Dans sa recherche d’équilibre entre les grandes puissances, le Viêt Nam fait par ailleurs très attention de ne pas froisser les Américains. Les États-Unis sont le plus grand marché d’exportation pour le Viêt Nam et son deuxième partenaire commercial (derrière la Chine). Mais cette réalité économique est toutefois fragile. Les échanges n’augmentent pas assez vite pour l’économie vietnamienne, et dans certains secteurs ils sont même à la baisse. Au cours de l’été 2024, les États-Unis ont rejeté la demande vietnamienne de classer le pays comme « économie de marché », une décision qui a été très mal vécue par les autorités (2). Dans ce contexte, le Viêt Nam a besoin économiquement de la Chine. Avec un commerce bilatéral d’environ 172 milliards de dollars, la Chine est le second marché d’exportation du Viêt Nam et la tendance se renforce rapidement. Au cours des sept premiers mois de 2024, les investissements chinois ont été multipliés par sept au Viêt Nam, soit une hausse de 77,6 % par rapport à 2022. Mais le pays a une balance commerciale très déficitaire avec Pékin, avec une hausse de son déficit de plus de 56 % au cours du premier semestre 2024 pour atteindre 32 milliards de dollars. Il n’est dès lors pour Hanoï pas question de tourner le dos à une politique d’équilibre entre les deux grands, Washington offre un moyen de hedging [couverture] crucial aux autorités vietnamiennes en cas de tensions avec Pékin. 

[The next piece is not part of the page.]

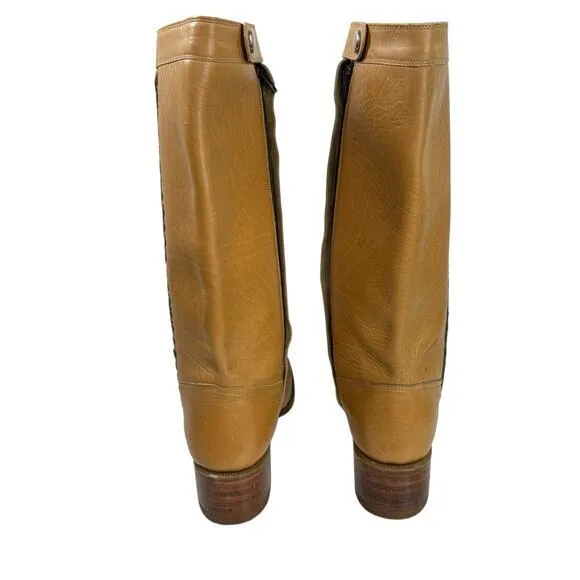Siete‎ Leguas Braided Campus Style Boots Camel Tan Leather Women Size 9 Fabulous
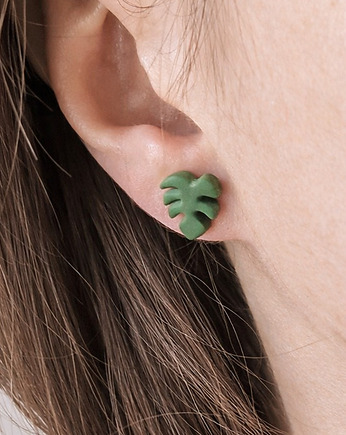 Kolczyki sztyfty monstery biżuteria w stylu jungle dla fanki roślin domowych, Dary Rusałki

Avec les États-Unis, la préoccupation des dirigeants vietnamiens est aussi stratégique. Le pays entend profiter du positionnement offensif de Washington sur le dossier de la mer de Chine méridionale qui l’oppose toujours à la Chine. Dans le contexte de l’Indo-Pacifique, le Viêt Nam gagne en importance géostratégique pour Washington. Hanoï fait toutefois bien attention de maintenir une politique d’équilibre sur ces sujets sensibles ; il n’est pas question de donner l’impression aux Chinois que le Viêt Nam se tourne vers les États-Unis dans le contexte de l’Indo-Pacifique ; et cela même si les Américains redoublent d’initiatives actuellement pour tenter de convaincre les Vietnamiens de ne pas trop se rapprocher de la Chine (3). Mais la stratégie indo-pacifique américaine, et dans son sillage celle des pays occidentaux, continuent d’être perçues dans les cercles de pouvoir vietnamiens avec une certaine condescendance. Les plus prudents laissent faire leurs partenaires (tout en essayant au passage d’en profiter le plus possible financièrement), comprenant que les Occidentaux ont des intérêts pour cela, les autres n’hésitent pas à leur reprocher une « déconnection avec des pays d’Asie qu’ils connaissent assez mal » (4). Les dirigeants vietnamiens ne redoutent plus comme par le passé que les pays occidentaux ne leur demandent de changer de politique (en matière de droits de l’homme et de liberté religieuse notamment). Leur pouvoir sur la scène régionale est désormais plus affirmé, et ils savent aussi qu’ils peuvent compter sur la Chine pour défendre leurs positions.